And it's hard to find a to finance journalism without revenue being linked to user engagement (whether ads or subscription).
It's kind of sad, because low credibility news stories is why many corporations are careful about how they communicate; indeed the advice the PR department can give you is often to not reply -- because replying keeps to story alive longer, even if it is all false nonsense outrage over nothing.
</rant>
I have no solutions, it's hard to change incentives for journalism in a capitalist system, and while "independent" state-sponsored media (NPR/BBC) may be complement, we probably don't want to rely state-sponsored media :)
It's not much, but we can take comfort in the fact that this is not a new problem: click-bait is as old as newspapers; I'd even dare to wager we can find cave paintings exaggerating the size of the game that was hunted.
Some people would get pretty upset even with that. Maybe if it were a community assessment it would be ok, but I don't think mods could get away with it.
$850 for a domain is quite outrageous. Directing that outrage to the right places is a challenge in discipline. Working on frameworks to help people dissect something logically when they discover something outrageous would probably be the most helpful.
There were a number of skeptical commenters that raised various issues at the time. I definitely came away from reading that comment thread skeptical that the issue had happened exactly as described. We eventually had https://news.ycombinator.com/user?id=CydeWeys come in a confirm that the domain had always been premium.
I'd say that HN did a pretty good job of pushing back on the outrage machine and correcting the misinformation. We even get a follow up article clarifying things.
What we can do better is to continue to downvote and constructively respond to comments that jump the gun and use the current topic to push outrage over broader unrelated issues. As we train and remind each other to read more carefully and critically, the quality of HN comments will match that effort.
Edit: If I had a personal hot take, it would be that twitter threads in general seem to prompt this type of outrage bandwagon behavior more than other mediums and perhaps should face ranking penalties for appearing on the front page. (But I'm biased here because I simply hate reading them.)
I posted one of the earliest comments saying forum.dev is obviously a premium domain. IIRC I was immediately downvoted to -1. To be clear I don’t care about losing some karma, I have enough to burn on 2000 -4’s. The point is if you try to pour cold water on an outage without hijacking a top thread, you’re likely going to sit at the bottom of the thread for a long time.

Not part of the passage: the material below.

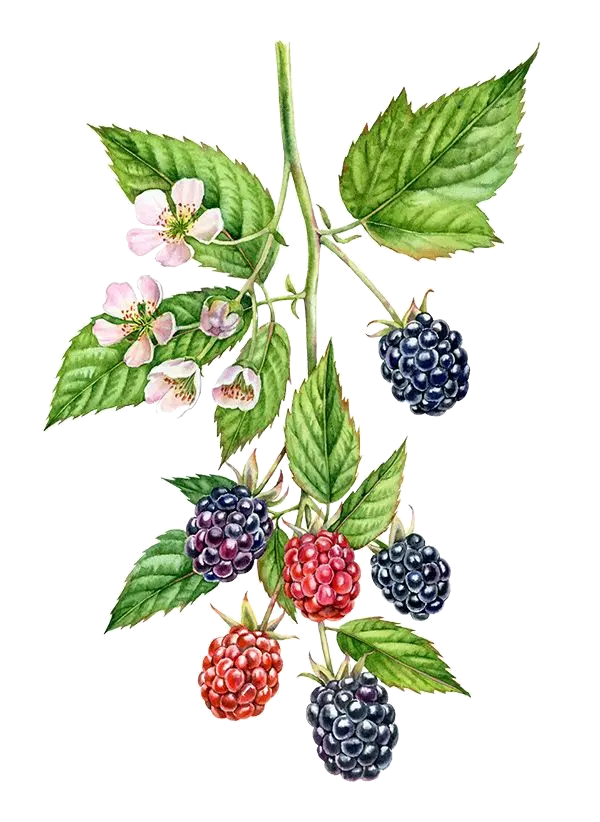 [Rubus	fruticosus] Ronce sans-épine (mure) - 'Columbia Star ' (Conteneur 1,5l - 1 an)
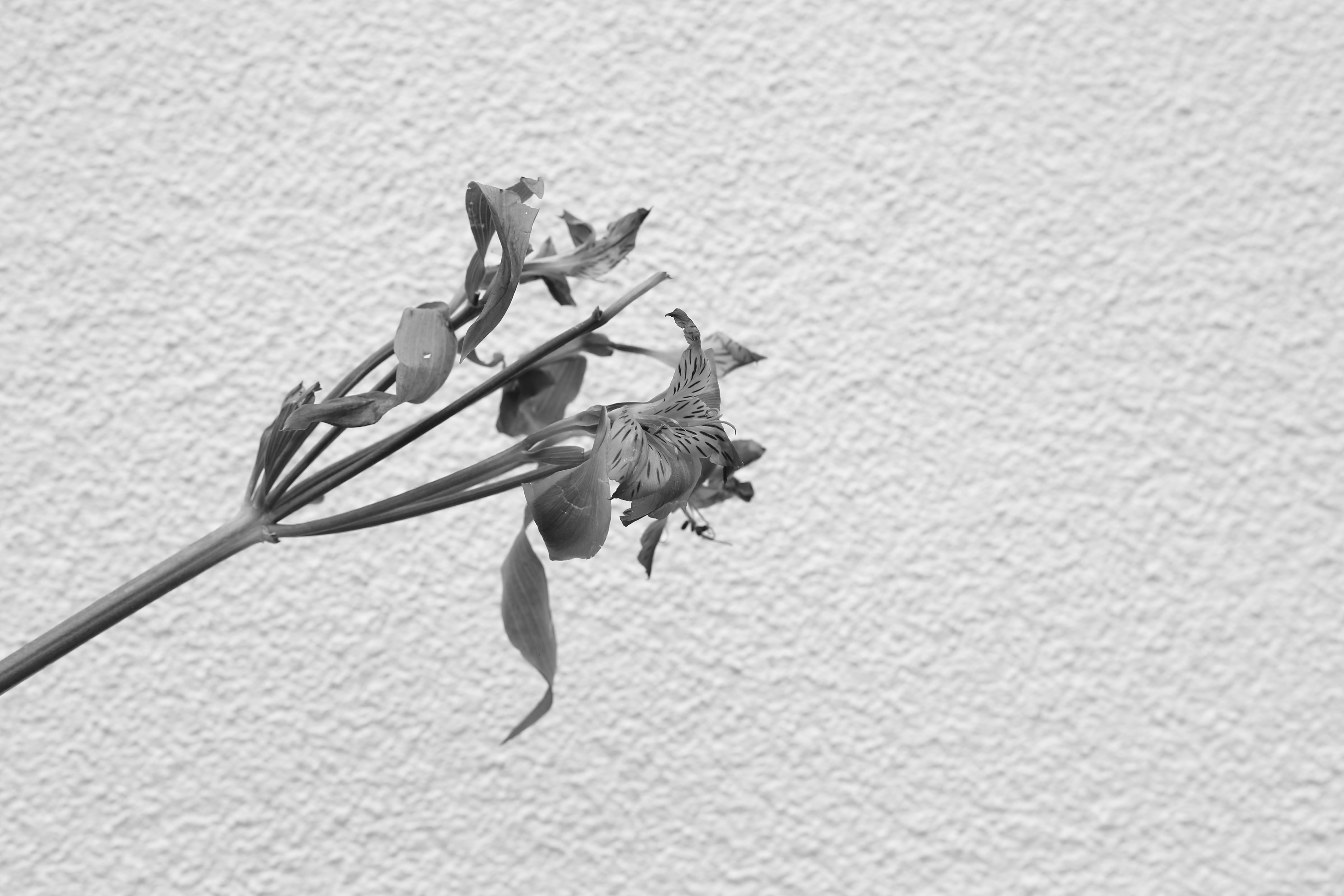 plant, flowering plant, plant part, wilted plant, no people, 5K, simple, outdoors, focus on foreground, petal, day, plant stem, freshness, botany, flower, HD Wallpaper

I wonder if the ratio of misplaced outrage threads to useful ones makes the idea itself something to be done away with entirely. There's seemingly little space between curiosity and full blown outrage, an no natural mechanism for the community to more deeply and openly investigate and report on these issues before taking an over sized and possibly wildly unjustified stance on it.
Prevent posts about any topic within a certain period of time (a week or so). The truth will hopefully have come out before that period and people can address that in the comments or by flagging the post.
A Firefox extension that replaces the word Google with Microsoft would get everyone to calmly explain Hanlon's razor to each other and say that whatever's wrong is acceptable because they were worse in the past.
Ooo glad to see this follow up. I remember reading the original and knowing that probably wasn't right. I worked for a registry for many years and premium domain names were never part of GA for the normal price. We also never moved a GA name to premium later, but I can't speak for other registries.
The domain names are rented. I remember $12 .com renewals on GoDaddy, now it's $18, Cloudflare charges about $8 for renewals. The registrars always use dependent customers and play with pricing.
I have got a domain hack hal.al last year from host.al, the payment for the registration was done, and I got a confirmation for the domain ownership. After 2-3 days I got an email saying that it is a premium domain and I need to pay $2k to get the ownership. So it's always tricky to purchase a domain, you never own it
> It's important to note that registries for country-code TLDs (which is every 2-letter TLD) do not have enforceable registry agreements with ICANN. Instead, they are governed by their respective countries (or similar political entities), which can do as they please. They can sucker you in with a low price and then hold your domain hostage when it gets popular.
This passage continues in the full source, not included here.